After Cordell protested the recoupment effort, around Feb. 14, 2024, Anderson allegedly assigned Cordell about 240 referrals from 2021 — a three-year backlog — while other employees in her position used a shared mailbox to tackle the workload, the lawsuit said. Cordell’s supervisors at the Overpayment Establishment Section were Shumaker, Williams and Anderson.
Cordell is represented by the firm Mungo and Mungo at Law.
“She refused to participate in falsely charging these individuals with overpayments and engaging in collection against them,” attorney Leonard Mungo said at the Friday morning news conference. “We’re here today to let the public know that there are thousands of vulnerable citizens in Michigan today, and I mean upward of 14,000, who are recipients of the food assistance program, who are being falsely charged with not qualifying for the program.”

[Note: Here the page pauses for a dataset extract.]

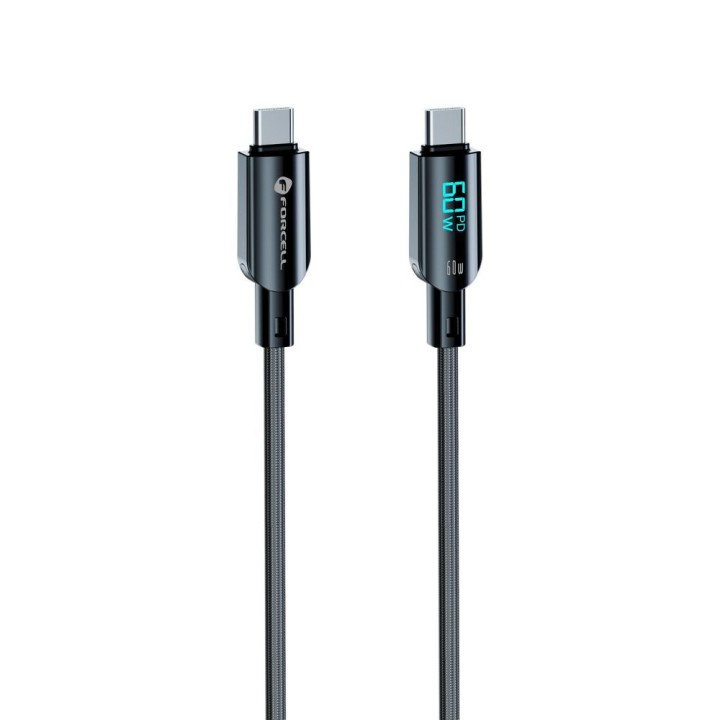 Кабель USB-C – USB-C Forcell F-Energy QC4.0 PD 3A 60W Digital 1,2 m C274 чорний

The errors, if continued, could subject Michigan to federal penalties of up to $320 million because of a high payment error rate, Mungo said.
“Because of her above described activity, advocacy and refusals to participate in unlawful practices, Defendants subjected Plaintiff to a continuous and escalating pattern of retaliation that caused severe harm to her health, career, and livelihood,” according to the suit.
Michigan allegedly collected improper MiCAP-to-FAP debts, although a binding administrative law judge order in 2020 told the department to delete these debts and to complete FAP eligibility using actual income and expenses, according to the lawsuit.
Since 2020, thousands of disabled and elderly residents have been subjected to unlawful collections, Mungo said.
“We’re asking that as many as those individuals who have been subject to these aggressive, abusive collection actions, who may be great witnesses in Ms. Cordell’s prosecuting her case as a whistleblower protecting these individuals, to come forward,” said Mungo.
“The state, my department, is making people pay debts, maybe $20,000 to $30,000 maybe even more,” Cordell said during the press conference. “Michigan citizens have been subjected to debt that’s illegal and fraudulent. These people are our seniors. We should be looking out for our seniors, but no, the state of Michigan is harming our seniors by making them pay illegal and fraudulent debts.”
Michigan’s health department did not respond to a request for comment.
“These citizens were entitled to their benefits,” Cordell told CapCon in a text message. “The department know[s], and they still let the harm continue.”